There are two thing here.
1. Messages are unclear. Check the WDG validator [1], it gives
better message for both missing quotes and undefined entities.
It uses nsgmls like W3C and WebTechs. So these two features
(strictness and lack of clarity) are logically indepent.
A possible next step for WAI / W3C is to compose friendly messages
and allow the user to choose between nsmgls messages and friendly
one's.
2. They claim that it is technically invalid (a no-no) to write ampersands
in URLs but there is no choice (quite common), and they congratulate
WebTechs for allowing this (in a sentence that Len didn't quote).
This is wrong. ampersands in URLs are allowed but
they must be escaped. Escaped ampersands in attribute values
including URLs are widely supported by browsers. The behavior
of webtechs that allows authors to get away with errors is criticized
by many including Liam Quinn and Alan Flavell.

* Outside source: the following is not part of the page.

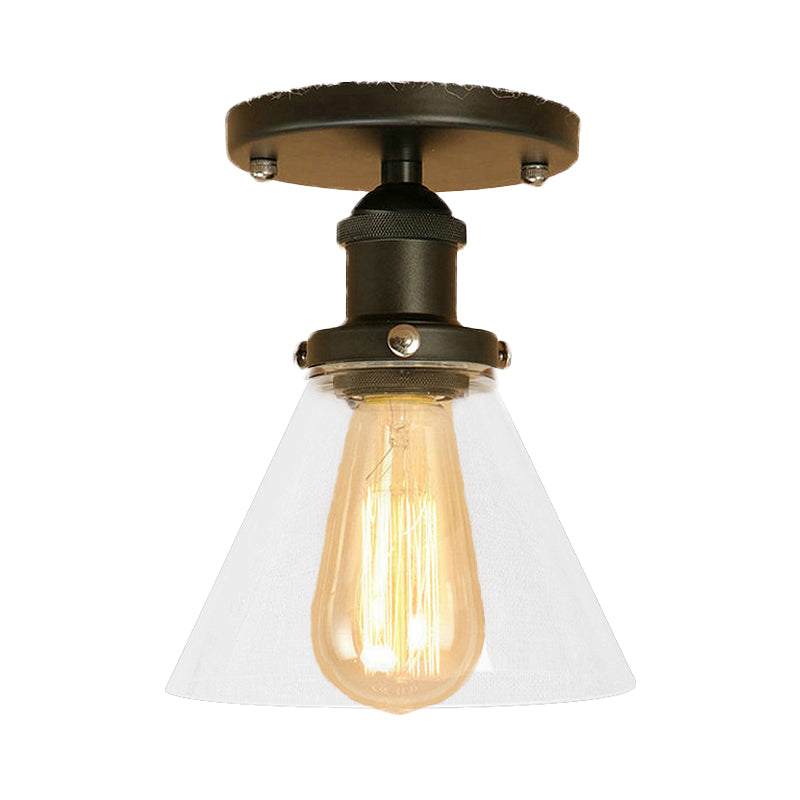 Single Light Semi Flush Mount Industrial Cone Clear Glass Light Fixtures Ceiling in Black/Bronze/Copper Clearhalo 'Ceiling Lights' 'Close To Ceiling Lights' 'Close to ceiling' 'Glass shade' 'Glass' 'Semi-flushmount' Lighting' 767221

(I appologize for not giving reference)
They also complain that the validator errs when it flags
an error "element P not allowed here" where here is as a
child of TABLE. This error in the HTML actually exists on
the very page of the survey [2] They should actually criticize
the other "validators" for not finding this serious syntax error.
[1] http://www.htmlhelp.com/tools/validator/
[2] http://webbuilder.netscape.com/Authoring/HtmlValid/ss06.html
Nir Dagan, Ph.D.
http://www.nirdagan.com
mailto:nir@nirdagan.com
"There is nothing quite so practical as a good theory."